Öncelikle şunu belirteyim: Benim Nâzım Hikmet adına ortaya koyduğum bu yazı, emsallerine göre pek de değerli sayılmaz. Bugün için söylüyorum, esas değerli çalışmaları Sinan Şanlıer, Haluk Oral, Melih Güneş başta olmak üzere çeşitli Nâzım Hikmet araştırmacıları ortaya koyuyor.
Şanlıer'in eserinden yukarıda bahsettik, bunun yanı sıra özellikle Haluk Oral'ın Nâzım Hikmet'in Yolculuğu ile Melih Güneş'in Nâzım Hikmet'in Ellerinin İzinde adlı çalışmalarını herkese tavsiye ediyorum. Hem Nâzım'ın arkeolojisi hem de Türk edebiyatının tarihsel gelişimi bağlamında oldukça önemli, değerli çalışmalar bunlar.
Şimdi sorunun doğrudan cevabına gelmeye çalışırsak; Nâzım'a dair her "keşif", onun anlaşılmasını, şiirinin veya edebiyatının tarihsel gelişimini daha net bir şekilde ortaya koymak adına atılmış önemli birer adımı karşılar. Bu, başka şairlerin/yazarların "keşfedilen" eserleri için de böyledir. Bir şairi, yazarı anlamak için evvela onun eserlerinden yola çıkmamız gerek; biyografi vs. daha sonra gelir.
Dolayısıyla bir şairin/yazarın karanlıkta kalmış eserlerini gün yüzüne çıkarmak, külliyatını eksiksiz bir şekilde ortaya koymak (tabii bu ne kadar mümkünse) o şairi/yazarı daha iyi, daha doğru anlamaya götürür bizi.
-Aslında siz araştırmalarınızda gördüğüm kadarıyla Nâzım'la da sınırlı kalmayarak o dönemin tüm sosyalist yayınları ile bu yayınlarda yer almış sanat ve edebiyat yazılarını incelemeye çalışıyorsunuz. Son yıllarda özellikle Türkiye Sosyal Tarih Araştırma Vakfı bünyesinde süren transliterasyon çalışmalarıyla da birlikte II. Meşrutiyet’ten Cumhuriyet’in ilk yıllarına kadar olan dönemde yayınlanmış sosyalist yayın organları ve Komintern belgeleri de daha fazla gün yüzüne çıkmaya ve incelenmeye başlandı. Bu yayınlarda ortaya çıkan her bir yazı ve sanatsal eser aslında toplumu gerçekçiliğin Türkiye’de geçirdiği sürece dair de birçok yeni veri sunuyor. Araştırmalar bir süre sonra Türkiye’de Marksist estetiğin ve toplumcu gerçekçi edebiyatın gelişimine dair yeni bir tarih yazımını gerektirecek mi?

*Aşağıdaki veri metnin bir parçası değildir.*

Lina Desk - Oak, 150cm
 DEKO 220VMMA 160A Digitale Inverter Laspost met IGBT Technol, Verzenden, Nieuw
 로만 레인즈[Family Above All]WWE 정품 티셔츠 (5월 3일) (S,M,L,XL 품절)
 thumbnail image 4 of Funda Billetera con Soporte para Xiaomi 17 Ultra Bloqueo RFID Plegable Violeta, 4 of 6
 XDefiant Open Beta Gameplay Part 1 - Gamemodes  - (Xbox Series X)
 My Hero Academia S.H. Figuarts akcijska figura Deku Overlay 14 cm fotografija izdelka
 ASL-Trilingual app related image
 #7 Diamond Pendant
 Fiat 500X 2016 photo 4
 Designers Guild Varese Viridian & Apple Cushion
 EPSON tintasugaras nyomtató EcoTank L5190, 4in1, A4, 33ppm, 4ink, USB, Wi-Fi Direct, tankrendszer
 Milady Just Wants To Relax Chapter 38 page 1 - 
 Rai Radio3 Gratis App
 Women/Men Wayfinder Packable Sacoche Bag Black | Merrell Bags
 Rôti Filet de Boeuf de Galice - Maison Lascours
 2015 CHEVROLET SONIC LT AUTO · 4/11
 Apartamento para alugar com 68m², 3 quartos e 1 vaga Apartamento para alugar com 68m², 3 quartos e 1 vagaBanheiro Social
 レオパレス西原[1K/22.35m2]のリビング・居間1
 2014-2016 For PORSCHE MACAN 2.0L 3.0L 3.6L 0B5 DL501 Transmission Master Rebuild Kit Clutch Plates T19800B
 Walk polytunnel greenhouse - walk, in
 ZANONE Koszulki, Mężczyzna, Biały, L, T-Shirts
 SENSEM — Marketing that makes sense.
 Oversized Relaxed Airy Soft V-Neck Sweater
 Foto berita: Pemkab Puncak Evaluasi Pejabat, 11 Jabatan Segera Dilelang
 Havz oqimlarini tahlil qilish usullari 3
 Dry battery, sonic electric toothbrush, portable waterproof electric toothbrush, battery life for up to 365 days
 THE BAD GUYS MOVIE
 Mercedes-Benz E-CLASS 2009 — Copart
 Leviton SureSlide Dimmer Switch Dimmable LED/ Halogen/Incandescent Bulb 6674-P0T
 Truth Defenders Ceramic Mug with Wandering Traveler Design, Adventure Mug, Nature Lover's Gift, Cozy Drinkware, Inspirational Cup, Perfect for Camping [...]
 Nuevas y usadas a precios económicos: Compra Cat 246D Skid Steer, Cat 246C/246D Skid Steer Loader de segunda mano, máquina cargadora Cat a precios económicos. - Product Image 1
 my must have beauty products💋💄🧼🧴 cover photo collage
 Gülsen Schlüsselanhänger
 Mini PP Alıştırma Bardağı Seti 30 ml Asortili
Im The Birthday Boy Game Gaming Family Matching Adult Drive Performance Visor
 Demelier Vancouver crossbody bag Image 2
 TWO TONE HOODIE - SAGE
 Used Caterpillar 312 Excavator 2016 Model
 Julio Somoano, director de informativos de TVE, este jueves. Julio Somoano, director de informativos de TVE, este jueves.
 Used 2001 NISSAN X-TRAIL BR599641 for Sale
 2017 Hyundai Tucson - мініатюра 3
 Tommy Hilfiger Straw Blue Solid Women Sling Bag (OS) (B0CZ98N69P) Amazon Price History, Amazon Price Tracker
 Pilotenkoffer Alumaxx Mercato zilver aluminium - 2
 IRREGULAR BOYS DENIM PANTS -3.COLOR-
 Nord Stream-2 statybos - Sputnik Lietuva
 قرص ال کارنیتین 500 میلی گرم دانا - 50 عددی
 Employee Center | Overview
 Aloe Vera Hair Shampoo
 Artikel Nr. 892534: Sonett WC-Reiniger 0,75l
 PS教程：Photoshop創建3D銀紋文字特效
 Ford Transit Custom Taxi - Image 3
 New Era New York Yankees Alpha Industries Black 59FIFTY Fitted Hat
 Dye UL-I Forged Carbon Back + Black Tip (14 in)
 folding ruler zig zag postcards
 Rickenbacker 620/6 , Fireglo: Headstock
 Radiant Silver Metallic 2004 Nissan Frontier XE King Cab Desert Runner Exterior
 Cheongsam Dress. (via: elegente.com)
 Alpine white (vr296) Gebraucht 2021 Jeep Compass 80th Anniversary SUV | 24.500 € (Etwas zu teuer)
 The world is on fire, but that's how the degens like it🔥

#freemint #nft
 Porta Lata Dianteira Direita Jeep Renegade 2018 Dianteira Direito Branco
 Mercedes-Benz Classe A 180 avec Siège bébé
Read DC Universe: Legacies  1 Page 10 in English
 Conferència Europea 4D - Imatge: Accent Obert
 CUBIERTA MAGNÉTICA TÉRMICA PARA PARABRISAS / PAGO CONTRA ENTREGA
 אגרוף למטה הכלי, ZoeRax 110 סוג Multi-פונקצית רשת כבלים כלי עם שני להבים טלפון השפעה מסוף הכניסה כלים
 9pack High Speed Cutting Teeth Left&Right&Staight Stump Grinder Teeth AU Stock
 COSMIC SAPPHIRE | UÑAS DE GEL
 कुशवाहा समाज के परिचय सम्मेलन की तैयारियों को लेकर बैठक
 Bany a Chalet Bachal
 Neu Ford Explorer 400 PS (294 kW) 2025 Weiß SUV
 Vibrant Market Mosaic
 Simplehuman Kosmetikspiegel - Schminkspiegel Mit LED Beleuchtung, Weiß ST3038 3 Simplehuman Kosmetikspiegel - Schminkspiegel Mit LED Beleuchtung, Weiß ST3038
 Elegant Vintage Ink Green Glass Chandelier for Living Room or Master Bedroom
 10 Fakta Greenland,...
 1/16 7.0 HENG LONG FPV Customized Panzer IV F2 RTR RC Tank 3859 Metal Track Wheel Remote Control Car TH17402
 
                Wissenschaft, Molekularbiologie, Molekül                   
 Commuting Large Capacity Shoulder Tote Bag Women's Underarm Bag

Elbette gerektirecek. Çünkü edebiyat tarihlerinde ve hatta edebiyat kamuoyunun genelinde Türkiye'de toplumcu edebiyatı Nâzım Hikmet'le, özellikle de onun 1929'daki çıkışıyla ("Putları Yıkıyoruz" kampanyası, kendi imzasıyla yayımlanan ilk şiir kitapları) başlatmak bir genelgeçer yargı konumunda.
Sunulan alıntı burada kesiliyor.